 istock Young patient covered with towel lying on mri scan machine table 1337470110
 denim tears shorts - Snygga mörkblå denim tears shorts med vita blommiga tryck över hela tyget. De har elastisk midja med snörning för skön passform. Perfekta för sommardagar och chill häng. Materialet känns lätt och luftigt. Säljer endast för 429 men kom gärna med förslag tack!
* * *
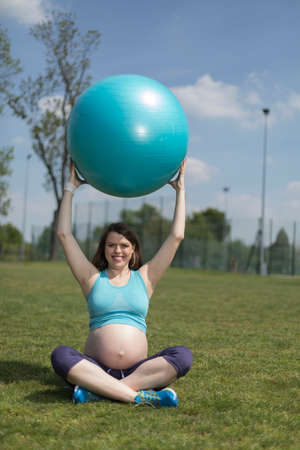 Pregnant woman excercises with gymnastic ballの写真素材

> _The problem_:
From the records above, copy out the line with "istock Young patient", the line with "denim tears shorts - Snygga", and every line between them, word for word.

> _Written response_:
 istock Young patient covered with towel lying on mri scan machine table 1337470110
 denim tears shorts - Snygga mörkblå denim tears shorts med vita blommiga tryck över hela tyget. De har elastisk midja med snörning för skön passform. Perfekta för sommardagar och chill häng. Materialet känns lätt och luftigt. Säljer endast för 429 men kom gärna med förslag tack!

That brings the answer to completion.